Observation: Some of the timestamps are not exactly on the half-hour
Question: How many of the timestamps are not exactly on the half-hour?

In [None]:
# inspect and fix records not exactly on the half-hour
offRecs = aggLoad.query("DateTime.dt.minute not in (0,30) or DateTime.dt.second != 0")
# aggLoad["DateTime"].dt.hour > 30
print('Records not exactly on the half-hour: ', offRecs)
print(offRecs.info())

# delete records not exactly on the half-hour
aggLoad = aggLoad.drop(offRecs.index)

offRecs = aggLoad.query("DateTime.dt.minute not in (0,30) or DateTime.dt.second != 0")
print('Records not exactly on the half-hour: ', offRecs)

In [None]:
# check for missing records in the aggregate load time series
# create reference time series
minTimestamp = aggLoad.index.min()
maxTimestamp = aggLoad.index.max()

print('minTimestamp: ', minTimestamp)
print('maxTimestamp: ', maxTimestamp)

date_range = pd.date_range(minTimestamp, maxTimestamp, freq='30Min')
reference_df = pd.DataFrame(np.random.randint(1, 20, (date_range.shape[0], 1)))
reference_df.index = date_range  # set index

print('reference index length: ', reference_df.shape)
print('aggLoad index length: ', aggLoad.shape)

print('reference_df: ', reference_df)
print('aggLoad: ', aggLoad)

print('reference index: ', reference_df.index)
print('aggLoad index: ', aggLoad.index)

# check for missing datetimeindex values based on reference index (with all values)
missing_dates = reference_df.index[~reference_df.index.isin(aggLoad.index)]

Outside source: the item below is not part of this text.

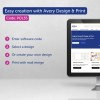 Billedet viser en computerskærm, der viser instruktioner til brug af Avery Design & Print. Trinnene inkluderer at indtaste en softwarekode, vælge eller oprette et design og udskrive med brevfletning.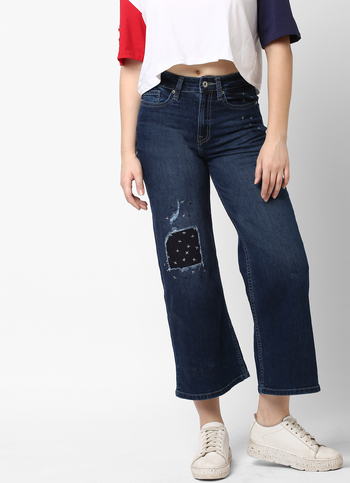 Wideleg Cropped Loose Fit High Waist Anklelength Jeans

print('missing_dates: ', missing_dates)

In [None]:
# check the regularity of the observations (time between observations)
# print(pd.infer_freq(train_data.DateTime))
aggLoad.index.to_series().diff().value_counts()

In [None]:
# Calculate moving average and stddev
window_size = int(len(aggLoad.AggregateLoad) / 10)
print(window_size)

aggLoadMovingStdev = aggLoad.AggregateLoad.rolling(window_size).std()
aggLoadMovingStdev.columns = ['MovingStdev']
# aggLoadMovingStdev.columns.values[0] = 'MovingStdev'

aggLoadMovingAvg = aggLoad.AggregateLoad.rolling(window_size).mean()
aggLoadMovingAvg.columns = ['MovingAvg']

print('aggLoadMovingStdev:\n', aggLoadMovingStdev)
print(aggLoadMovingStdev.info())
print('aggLoadMovingAvg:\n', aggLoadMovingAvg)
print(aggLoadMovingAvg.info())

# aggLoad['MovingStdev'] = aggLoad.AggregateLoad.rolling(window_size).std()
# aggLoad['MovingAvg'] = aggLoad.AggregateLoad.rolling(window_size).mean()

# print('aggLoad.MovingStdev:\n', aggLoad.MovingStdev)
# print('aggLoad.MovingAvg:\n', aggLoad.MovingAvg)



In [None]:
print(aggLoad)

fig, ax = plt.subplots(figsize=(20,7))
ax.plot(aggLoad.DateTime, aggLoad.AggregateLoad)
# ax.plot(aggLoad.DateTime, aggLoad.MovingAvg, linewidth=3)
# ax.plot(aggLoad.DateTime, aggLoad.MovingStdev, linewidth=3)
ax.plot(aggLoad.DateTime, aggLoadMovingAvg, linewidth=3)
ax.plot(aggLoad.DateTime, aggLoadMovingStdev, linewidth=3)

ax.set(xlabel='time (s)', ylabel='KWH/hh',
       title='Aggregate Household load 2012-2014')
plt.tick_params(rotation=45)
ax.grid()

fig.savefig("Aggregate Household load 2012-2014.png")
plt.show()

In [None]:
aggLoad.head()


In [None]:
fig, ax = plt.subplots(figsize=(20,7))
ax.plot(aggLoad.DateTime[10000:15000], aggLoad.AggregateLoad[10000:15000])

ax.set(xlabel='time (s)', ylabel='KWH/hh',
       title='Aggregate Household load June-August 2012')
plt.tick_params(rotation=45)
ax.grid()

fig.savefig("Aggregate Household load June-August 2012.png")
plt.show()

In [None]:
fig, ax = plt.subplots(figsize=(20,7))
ax.plot(aggLoad.DateTime[12000:13000], aggLoad.AggregateLoad[12000:13000])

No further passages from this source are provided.